### Material to process
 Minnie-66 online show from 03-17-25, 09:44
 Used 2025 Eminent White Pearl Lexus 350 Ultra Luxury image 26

==

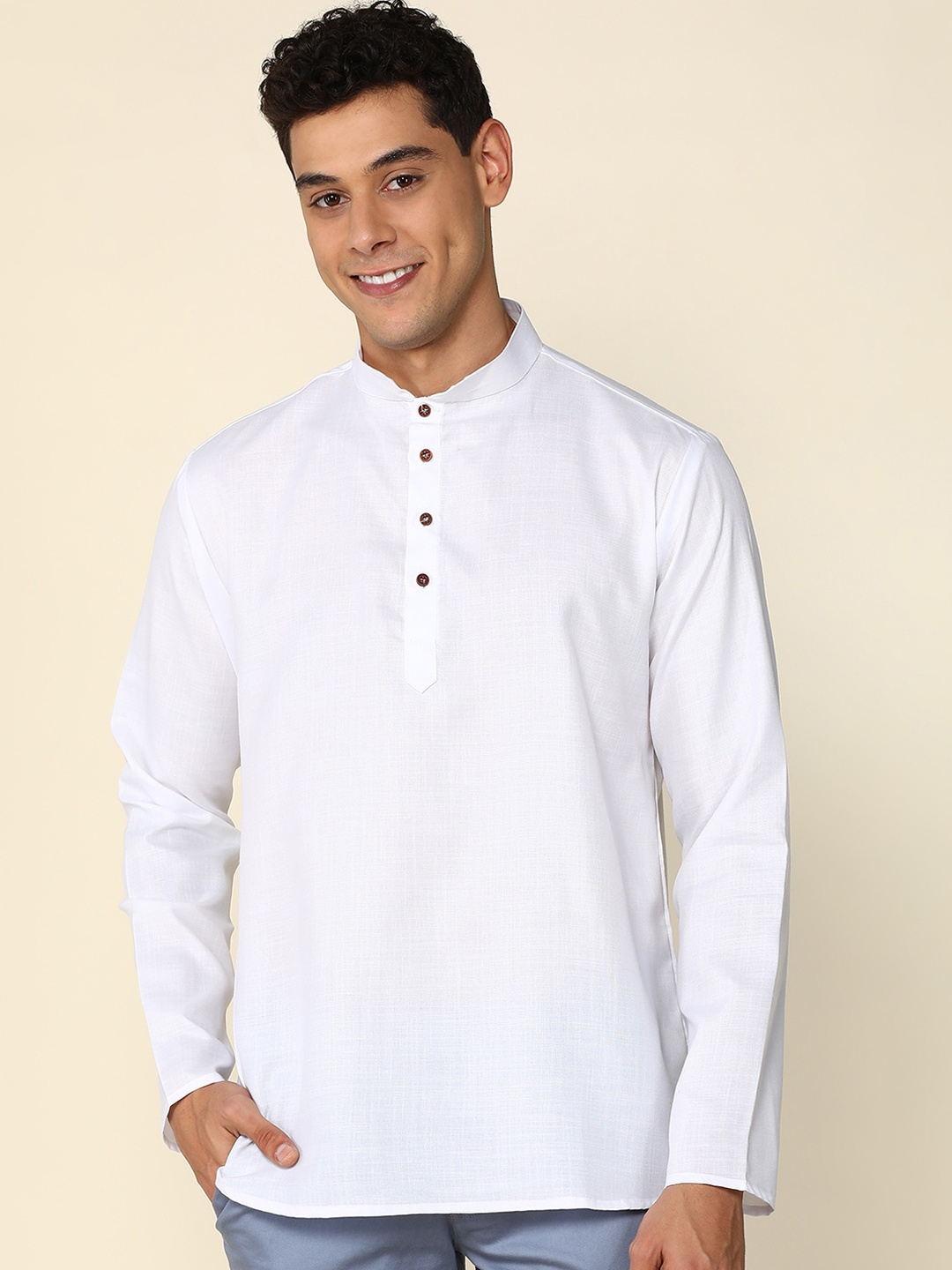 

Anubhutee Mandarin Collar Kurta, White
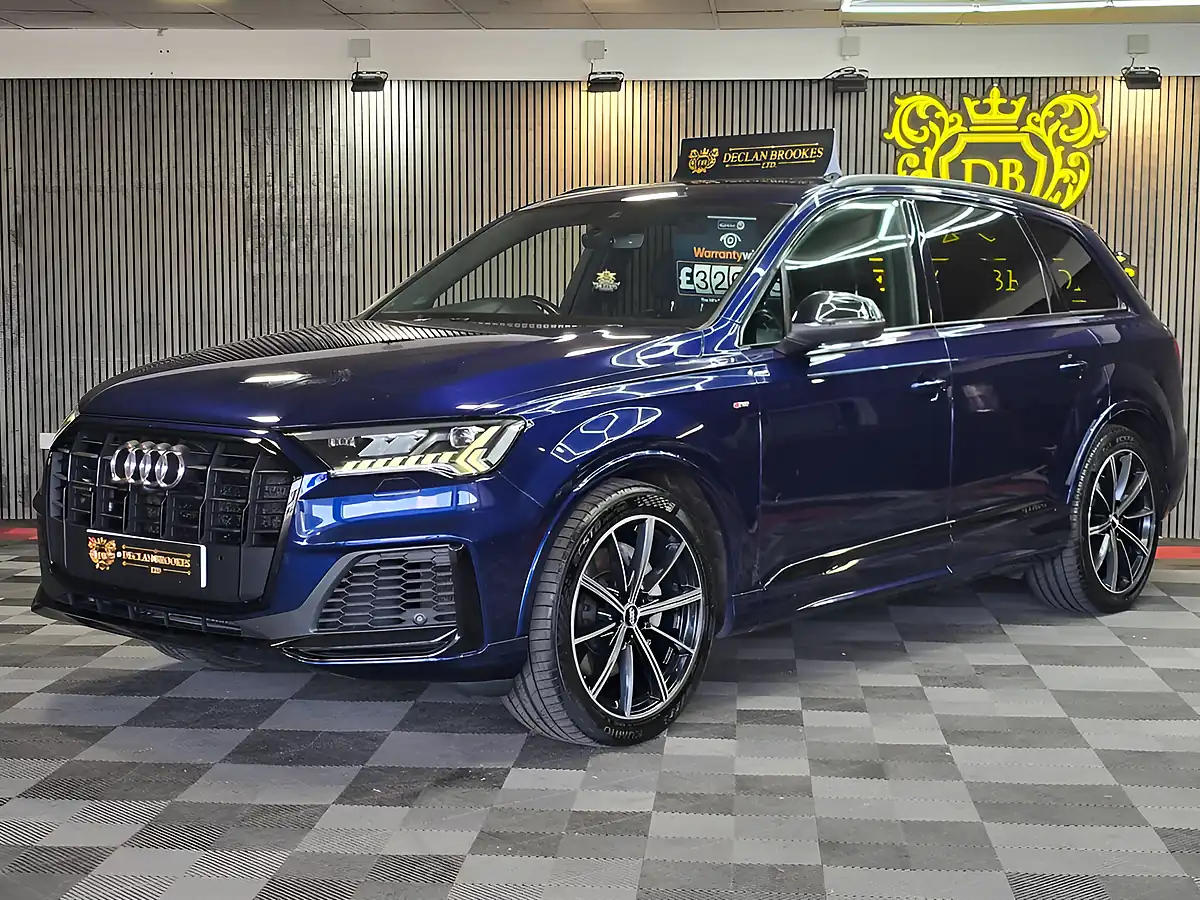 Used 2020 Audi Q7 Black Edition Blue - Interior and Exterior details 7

--

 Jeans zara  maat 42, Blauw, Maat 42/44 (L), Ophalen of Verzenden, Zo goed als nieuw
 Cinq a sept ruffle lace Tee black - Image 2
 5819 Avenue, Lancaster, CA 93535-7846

### Exercise details
Wherever a line above contains the string "White", copy that line.

### Reply
 Used 2025 Eminent White Pearl Lexus 350 Ultra Luxury image 26
Anubhutee Mandarin Collar Kurta, White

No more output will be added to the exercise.